*Work to complete*: So that the copy stays text only, transcribe the data below exactly and exclude the images.

- - - -

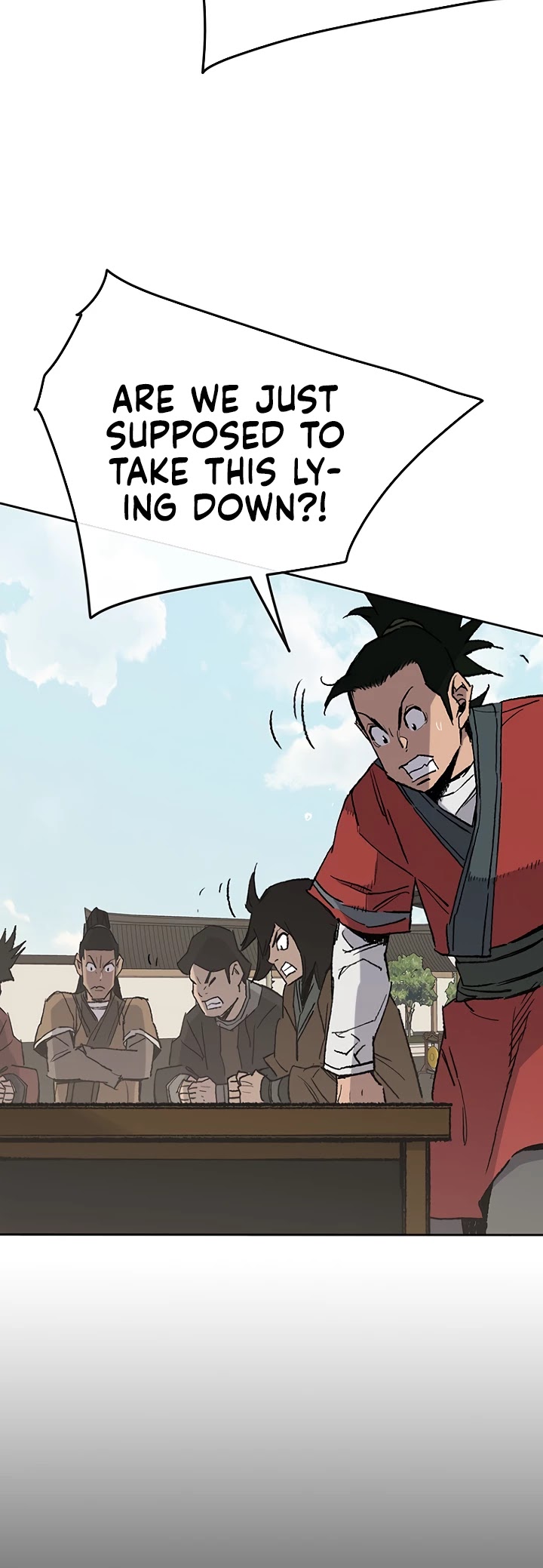 Read The Undefeatable Swordsman En Manga Online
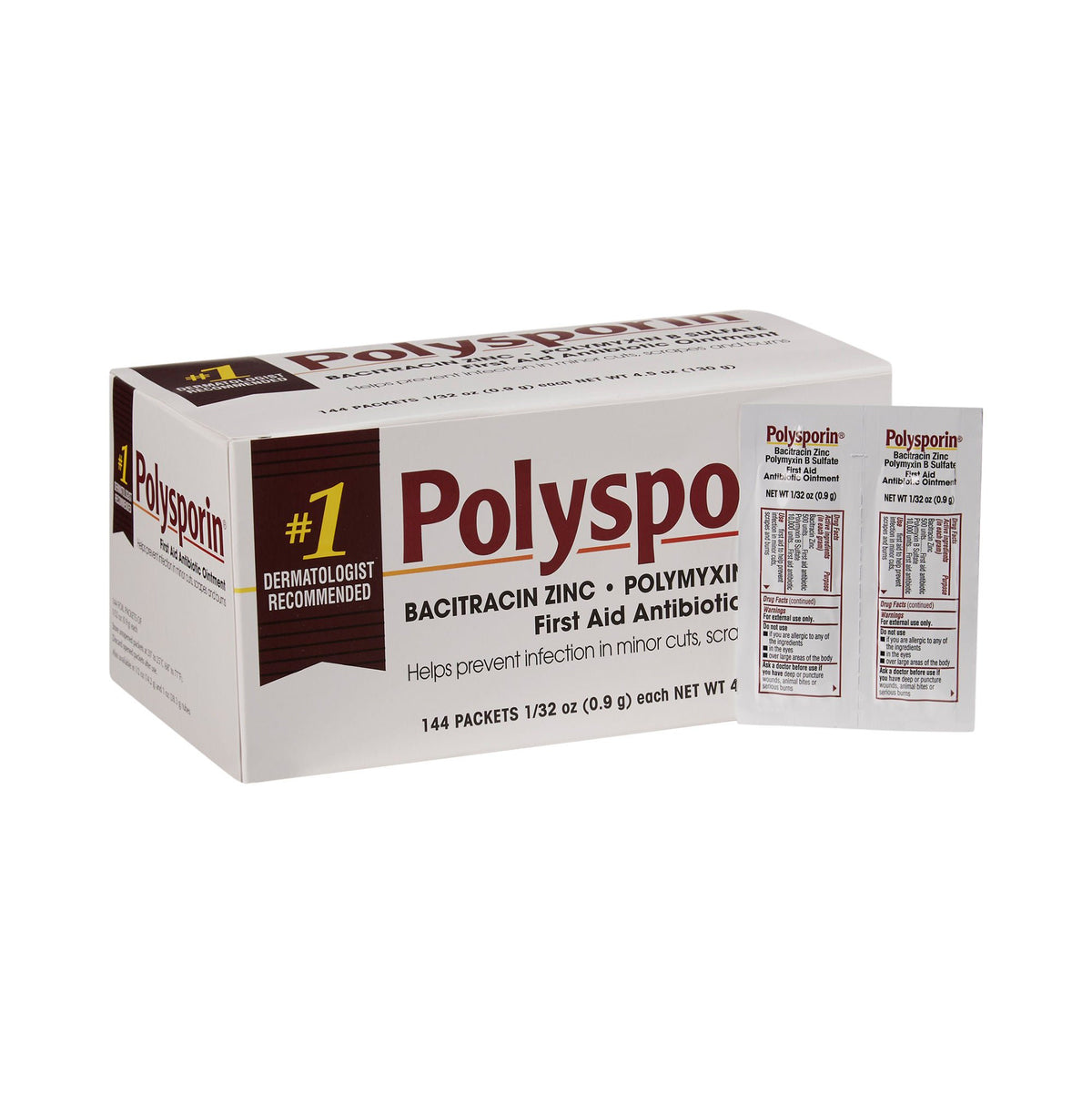 Polysporin® Bacitracin / Polymyxin B First Aid Antibiotic, CS/1728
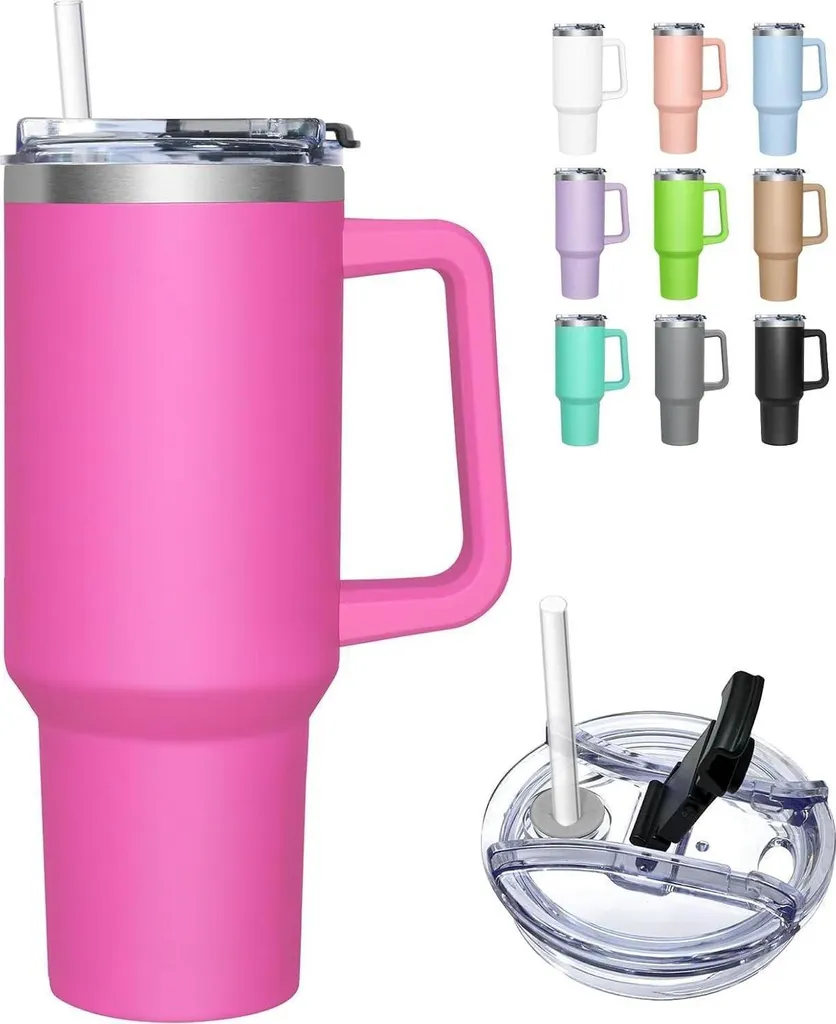 Tazza Termica HNCY 40oz Acciaio Inox: Tumbler da Trekking e Viaggio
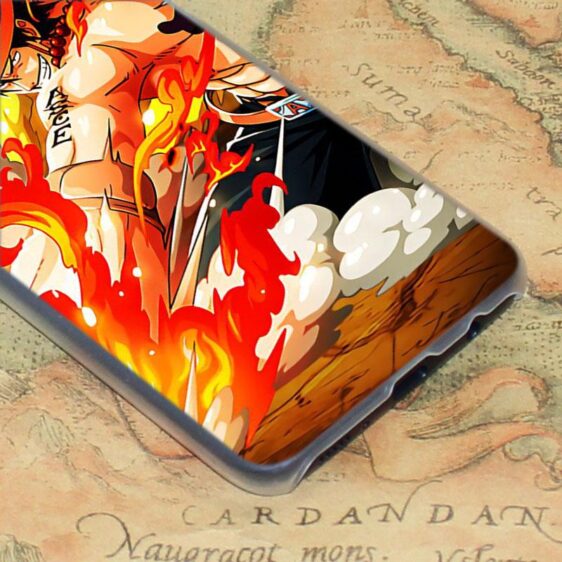 One Piece Portgas D. Ace Fire Fist Samsung Galaxy Note S Series Case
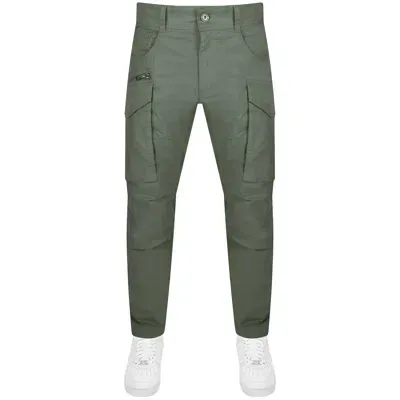 Replay Joe Cargo Trousers Green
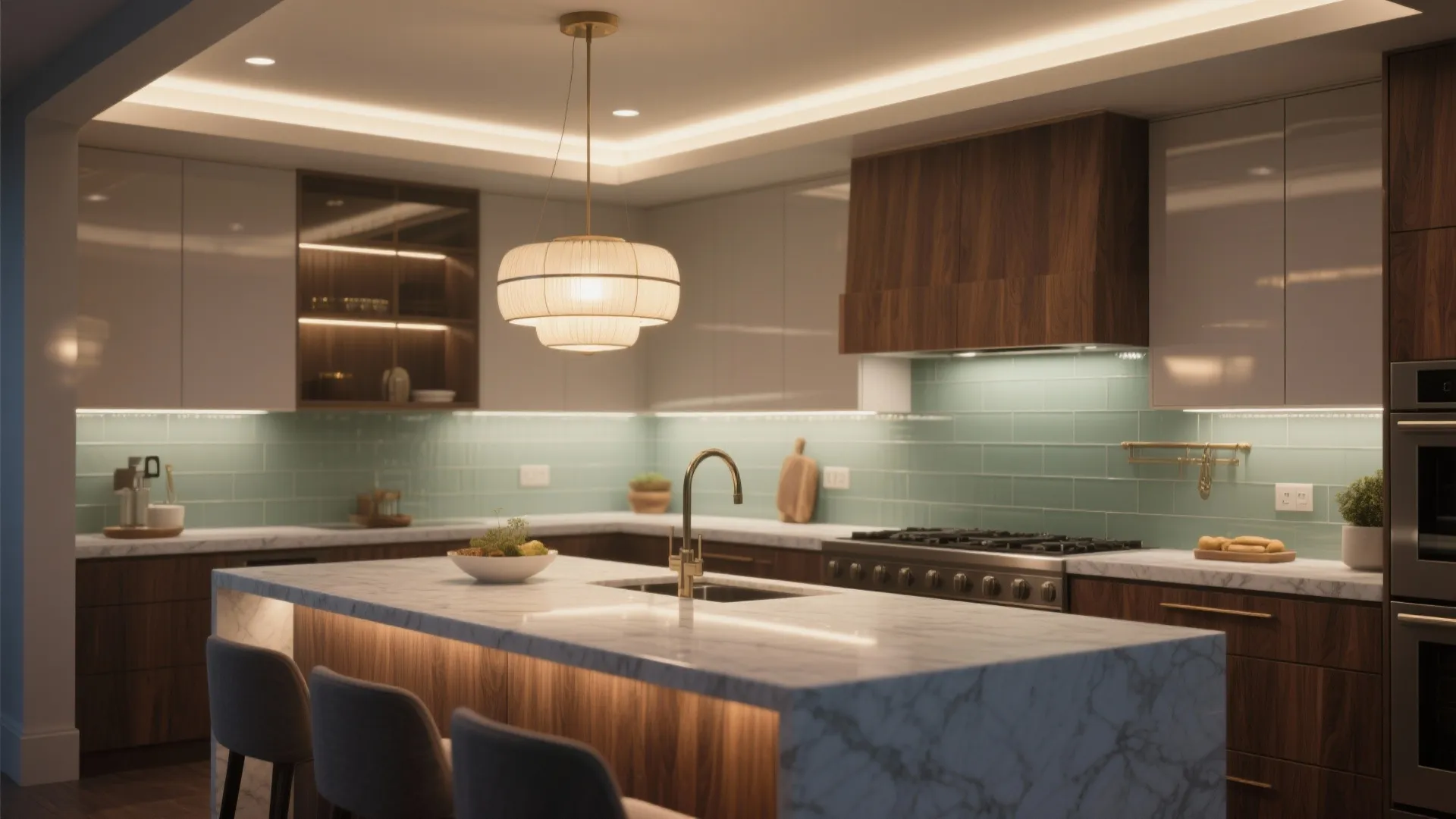 Layered Lighting for True Luxury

- - - -

*Result of the task*:
 Read The Undefeatable Swordsman En Manga Online
 Polysporin® Bacitracin / Polymyxin B First Aid Antibiotic, CS/1728
 Tazza Termica HNCY 40oz Acciaio Inox: Tumbler da Trekking e Viaggio
 One Piece Portgas D. Ace Fire Fist Samsung Galaxy Note S Series Case
 Replay Joe Cargo Trousers Green
 Layered Lighting for True Luxury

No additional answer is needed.